Write out all the entries word for word and omit any pictures.

—————

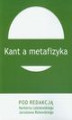 Okładka książki: Kant a metafizyka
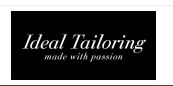 Ideal Tailoring Logo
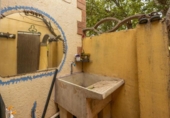 Chalet independiente con terreno en venta en la España, Amposta, ref: TR379510 foto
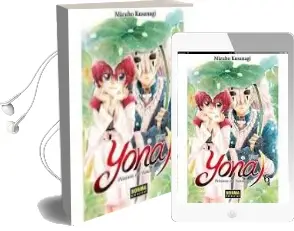 Descargar AudioLibro Yona, Princesa del Amanecer 6 de Mizuho Kusanagi año 2018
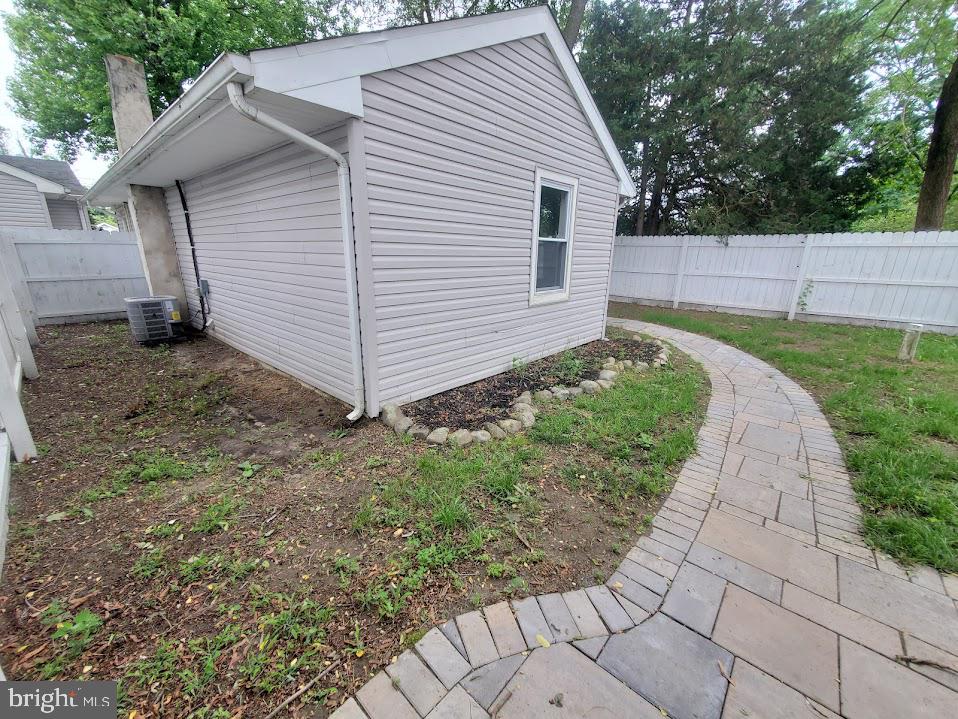 5 2nd Avenue Pemberton, NJ 08068 - Photo 11 of 11 a view of a back yard of the house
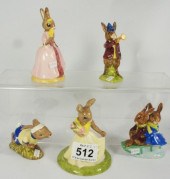 Royal Doulton Bunnykins Figure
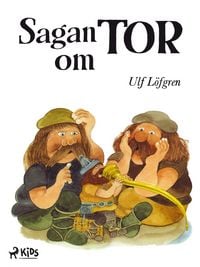 Produktbild: Sagan om Tor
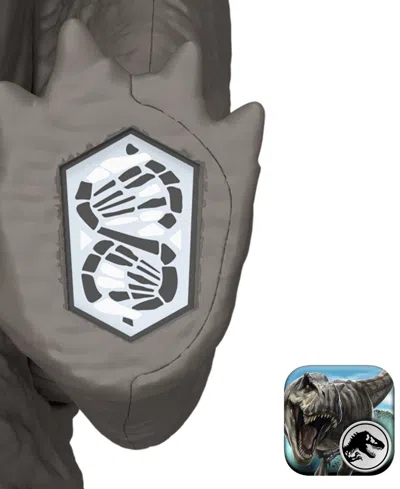 Jurassic World Rebirth Wild Roar Nasutoceratops Dinosaur Toy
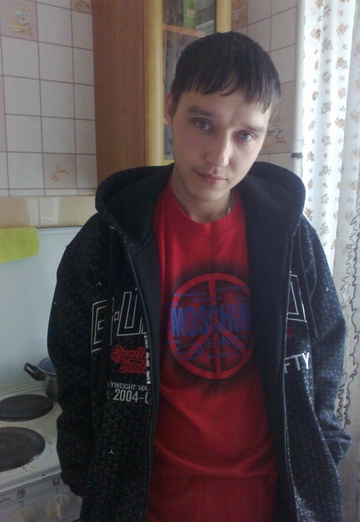 Моя фотография - Александр, 37 из Воркута (@aleksandr298777)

—————

→ Exercise response
 Okładka książki: Kant a metafizyka
 Ideal Tailoring Logo
 Chalet independiente con terreno en venta en la España, Amposta, ref: TR379510 foto
 Descargar AudioLibro Yona, Princesa del Amanecer 6 de Mizuho Kusanagi año 2018
 5 2nd Avenue Pemberton, NJ 08068 - Photo 11 of 11 a view of a back yard of the house
 Royal Doulton Bunnykins Figure
 Produktbild: Sagan om Tor
 Jurassic World Rebirth Wild Roar Nasutoceratops Dinosaur Toy
 Моя фотография - Александр, 37 из Воркута (@aleksandr298777)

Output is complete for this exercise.